The applicant shall document expected utilization for the services to be provided by the facility for the population within the service area. As used in this section, "expected utilization", in addition to the expected demand for the service, may be expressed as the number of providers typically required to serve any given population, or as the number of persons in a population that are typically served by a single provider. Where a population is known to have specific characteristics, such as age or disease rates, that affect utilization, then those characteristics may be taken into consideration.

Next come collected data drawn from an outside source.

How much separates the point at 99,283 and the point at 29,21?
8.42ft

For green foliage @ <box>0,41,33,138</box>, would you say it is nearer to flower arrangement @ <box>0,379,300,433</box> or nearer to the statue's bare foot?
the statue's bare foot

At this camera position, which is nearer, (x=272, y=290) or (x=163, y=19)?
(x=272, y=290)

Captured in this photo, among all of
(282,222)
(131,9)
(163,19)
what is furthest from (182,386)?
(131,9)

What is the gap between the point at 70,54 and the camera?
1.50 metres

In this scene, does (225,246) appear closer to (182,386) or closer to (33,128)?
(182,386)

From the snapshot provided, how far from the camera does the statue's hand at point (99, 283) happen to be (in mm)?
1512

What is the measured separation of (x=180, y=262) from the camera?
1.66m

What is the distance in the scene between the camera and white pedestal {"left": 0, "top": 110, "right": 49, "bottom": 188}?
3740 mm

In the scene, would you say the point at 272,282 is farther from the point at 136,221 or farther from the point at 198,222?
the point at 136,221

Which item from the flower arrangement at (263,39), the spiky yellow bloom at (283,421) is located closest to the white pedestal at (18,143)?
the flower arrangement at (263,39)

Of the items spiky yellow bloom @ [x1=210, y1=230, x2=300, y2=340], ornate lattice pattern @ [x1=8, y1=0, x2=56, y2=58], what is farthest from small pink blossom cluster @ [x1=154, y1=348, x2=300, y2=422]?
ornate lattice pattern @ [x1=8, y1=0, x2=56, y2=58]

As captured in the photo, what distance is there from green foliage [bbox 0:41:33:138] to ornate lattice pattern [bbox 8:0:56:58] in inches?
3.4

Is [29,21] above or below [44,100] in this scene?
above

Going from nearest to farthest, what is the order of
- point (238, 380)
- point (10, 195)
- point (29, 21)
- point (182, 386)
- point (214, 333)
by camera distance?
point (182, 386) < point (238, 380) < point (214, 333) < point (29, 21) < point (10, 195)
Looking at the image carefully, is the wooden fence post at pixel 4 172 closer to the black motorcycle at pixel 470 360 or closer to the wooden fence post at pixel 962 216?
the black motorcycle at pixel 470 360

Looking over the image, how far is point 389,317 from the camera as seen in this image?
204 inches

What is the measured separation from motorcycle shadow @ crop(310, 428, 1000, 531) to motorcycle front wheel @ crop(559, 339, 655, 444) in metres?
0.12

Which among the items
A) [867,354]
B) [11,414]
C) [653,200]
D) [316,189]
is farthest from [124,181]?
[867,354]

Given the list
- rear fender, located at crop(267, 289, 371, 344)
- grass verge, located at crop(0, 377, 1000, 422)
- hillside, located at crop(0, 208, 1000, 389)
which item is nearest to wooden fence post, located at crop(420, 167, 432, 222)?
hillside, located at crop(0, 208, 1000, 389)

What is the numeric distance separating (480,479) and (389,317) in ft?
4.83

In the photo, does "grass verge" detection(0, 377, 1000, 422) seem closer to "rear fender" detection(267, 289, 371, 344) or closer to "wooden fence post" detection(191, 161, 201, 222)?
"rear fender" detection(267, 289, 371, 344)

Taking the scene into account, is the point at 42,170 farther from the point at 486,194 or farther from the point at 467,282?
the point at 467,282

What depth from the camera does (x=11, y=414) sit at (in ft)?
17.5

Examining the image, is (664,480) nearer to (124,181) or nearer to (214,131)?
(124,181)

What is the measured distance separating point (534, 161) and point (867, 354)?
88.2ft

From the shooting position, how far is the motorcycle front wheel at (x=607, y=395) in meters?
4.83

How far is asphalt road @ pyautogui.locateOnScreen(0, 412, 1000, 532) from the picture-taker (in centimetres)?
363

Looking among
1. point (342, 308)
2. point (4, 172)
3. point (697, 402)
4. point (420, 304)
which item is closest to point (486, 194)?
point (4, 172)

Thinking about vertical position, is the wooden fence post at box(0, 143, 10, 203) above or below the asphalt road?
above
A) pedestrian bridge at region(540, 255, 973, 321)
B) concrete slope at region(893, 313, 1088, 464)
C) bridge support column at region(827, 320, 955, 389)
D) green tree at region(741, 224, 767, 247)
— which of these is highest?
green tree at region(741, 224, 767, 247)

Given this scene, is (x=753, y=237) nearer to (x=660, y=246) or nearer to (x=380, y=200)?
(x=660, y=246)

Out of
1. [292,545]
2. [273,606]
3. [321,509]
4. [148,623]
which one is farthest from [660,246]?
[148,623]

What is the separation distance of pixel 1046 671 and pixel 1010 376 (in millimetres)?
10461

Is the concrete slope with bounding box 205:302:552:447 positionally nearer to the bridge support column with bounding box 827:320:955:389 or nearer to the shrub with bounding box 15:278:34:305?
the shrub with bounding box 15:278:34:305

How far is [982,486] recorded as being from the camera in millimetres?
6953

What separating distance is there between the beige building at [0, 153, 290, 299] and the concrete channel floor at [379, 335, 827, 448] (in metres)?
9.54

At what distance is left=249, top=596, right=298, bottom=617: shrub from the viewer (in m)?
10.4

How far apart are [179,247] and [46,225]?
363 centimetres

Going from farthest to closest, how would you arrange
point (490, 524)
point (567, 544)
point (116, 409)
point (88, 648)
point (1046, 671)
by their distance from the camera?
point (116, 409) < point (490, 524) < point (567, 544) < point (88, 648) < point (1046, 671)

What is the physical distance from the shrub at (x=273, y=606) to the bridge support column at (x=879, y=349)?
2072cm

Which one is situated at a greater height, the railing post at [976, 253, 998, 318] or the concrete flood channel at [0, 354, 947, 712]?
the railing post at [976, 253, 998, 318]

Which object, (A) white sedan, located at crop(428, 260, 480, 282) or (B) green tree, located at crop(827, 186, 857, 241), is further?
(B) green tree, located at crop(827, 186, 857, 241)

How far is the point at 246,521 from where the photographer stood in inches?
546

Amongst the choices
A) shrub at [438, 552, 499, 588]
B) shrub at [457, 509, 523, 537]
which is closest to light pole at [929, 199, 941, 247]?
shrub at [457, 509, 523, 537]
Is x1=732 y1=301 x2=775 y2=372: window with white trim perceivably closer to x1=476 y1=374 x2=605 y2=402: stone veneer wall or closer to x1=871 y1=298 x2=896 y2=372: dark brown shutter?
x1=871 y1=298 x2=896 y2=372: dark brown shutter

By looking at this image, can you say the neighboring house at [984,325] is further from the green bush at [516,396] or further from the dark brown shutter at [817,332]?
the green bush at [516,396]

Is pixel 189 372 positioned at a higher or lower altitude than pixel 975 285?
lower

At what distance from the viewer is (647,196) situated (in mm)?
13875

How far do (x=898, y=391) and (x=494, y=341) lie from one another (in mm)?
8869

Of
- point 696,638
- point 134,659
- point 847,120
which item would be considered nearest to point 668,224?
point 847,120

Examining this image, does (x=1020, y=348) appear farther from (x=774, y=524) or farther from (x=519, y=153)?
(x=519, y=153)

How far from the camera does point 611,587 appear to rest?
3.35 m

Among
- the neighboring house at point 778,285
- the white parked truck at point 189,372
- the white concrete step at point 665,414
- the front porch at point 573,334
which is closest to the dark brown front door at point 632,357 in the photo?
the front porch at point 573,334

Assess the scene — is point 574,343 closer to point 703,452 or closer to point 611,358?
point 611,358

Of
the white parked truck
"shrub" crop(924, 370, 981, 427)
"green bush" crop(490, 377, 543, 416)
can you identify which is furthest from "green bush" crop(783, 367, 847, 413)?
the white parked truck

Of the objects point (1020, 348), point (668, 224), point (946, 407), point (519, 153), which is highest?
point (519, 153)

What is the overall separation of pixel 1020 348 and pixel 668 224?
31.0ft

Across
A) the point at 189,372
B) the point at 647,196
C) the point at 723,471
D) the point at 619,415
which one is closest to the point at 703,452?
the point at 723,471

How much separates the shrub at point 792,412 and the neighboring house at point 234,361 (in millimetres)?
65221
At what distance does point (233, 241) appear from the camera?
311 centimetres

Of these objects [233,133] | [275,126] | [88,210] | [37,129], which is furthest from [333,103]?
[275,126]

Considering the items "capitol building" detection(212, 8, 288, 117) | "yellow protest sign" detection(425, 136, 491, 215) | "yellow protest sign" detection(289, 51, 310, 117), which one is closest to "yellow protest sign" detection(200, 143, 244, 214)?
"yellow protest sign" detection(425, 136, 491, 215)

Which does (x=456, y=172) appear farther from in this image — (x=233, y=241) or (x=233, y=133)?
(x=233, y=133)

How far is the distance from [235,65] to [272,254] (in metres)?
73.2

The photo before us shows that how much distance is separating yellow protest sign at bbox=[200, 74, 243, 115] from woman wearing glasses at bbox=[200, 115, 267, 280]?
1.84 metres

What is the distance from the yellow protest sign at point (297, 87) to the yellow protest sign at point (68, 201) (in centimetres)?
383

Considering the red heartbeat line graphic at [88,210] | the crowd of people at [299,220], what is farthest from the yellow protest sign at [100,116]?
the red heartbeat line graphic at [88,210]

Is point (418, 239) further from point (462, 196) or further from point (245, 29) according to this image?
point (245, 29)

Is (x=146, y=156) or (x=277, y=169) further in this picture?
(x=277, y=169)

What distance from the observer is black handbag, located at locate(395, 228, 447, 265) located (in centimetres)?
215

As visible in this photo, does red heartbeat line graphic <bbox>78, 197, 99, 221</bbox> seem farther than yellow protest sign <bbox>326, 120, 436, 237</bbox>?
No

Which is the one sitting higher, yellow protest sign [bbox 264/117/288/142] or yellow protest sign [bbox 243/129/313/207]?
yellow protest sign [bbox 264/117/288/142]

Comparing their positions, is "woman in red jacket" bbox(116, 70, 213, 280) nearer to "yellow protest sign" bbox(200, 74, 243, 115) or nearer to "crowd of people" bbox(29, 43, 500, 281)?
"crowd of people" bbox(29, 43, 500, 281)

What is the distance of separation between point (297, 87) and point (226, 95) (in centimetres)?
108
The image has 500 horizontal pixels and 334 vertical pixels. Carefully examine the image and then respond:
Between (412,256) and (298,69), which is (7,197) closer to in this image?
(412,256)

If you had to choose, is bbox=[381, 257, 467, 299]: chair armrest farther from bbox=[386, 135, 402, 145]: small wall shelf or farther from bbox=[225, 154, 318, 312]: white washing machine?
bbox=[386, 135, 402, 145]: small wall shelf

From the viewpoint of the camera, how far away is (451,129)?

After establishing expected utilization or demand, the applicant shall estimate or document the number of existing providers within the service area and the extent to which the demand is being met by existing providers located within the service area. Where expected utilization is expressed as a number of providers typically serving a given population, it shall be sufficient to show that the ratio of providers to the population in the area is below the expected number. Providers located outside the service area need not be considered, absent specific showing that a provider located outside the service area is a major provider of services to the population within the service area.

See Certificate of Need Standards Schedule, http://www.hcawv.org/CertOfNeed/Support/Ambulatory_Care_Centers.pdf.

The ALJ's order clearly utilized the ambulatory care center protocol in evaluating the Appellants' application. Thus, assuming for the sake of argument that the Authority did, in fact, impose the 25/10 acute care requirements on the Appellants, this error was rendered harmless by the ALJ's application of the appropriate standards for ambulatory care centers.

B. The Proposed Service Area Was Too Large

Appellants next contend that the Authority was wrong in finding that their proposed service area of six counties was too large because they included two counties in which they had an insignificant number of pre-existing clients. The Appellants contend that under the standards for ambulatory care centers, there is no requirement that an applicant show that a specific number of clients are served in each county proposed. Consequently, the Appellants argue that they produced sufficient evidence to show the need for the proposed service in the six counties.

The circuit court correctly found, and all parties agree, that there is "no express definition contained in the Standards, or in any other regulation of what may constitute a proper service area for a new [diagnostic center]." All that the ambulatory care center standards require is that "[a]n applicant must delineate, through testimony or documentation, the expected areas from which the diagnostic center will draw its patients." The circuit court addressed this matter as follows: "The Court observes that there can be no brightline rule to specifically describe an appropriate service area for a diagnostic center, but concedes that the [Authority] should be allowed some leeway to interpret and apply the State Health Plan." The Authority has interpreted the ambulatory care standards as requiring a showing of significant pre-existing clients in each county that is to be served.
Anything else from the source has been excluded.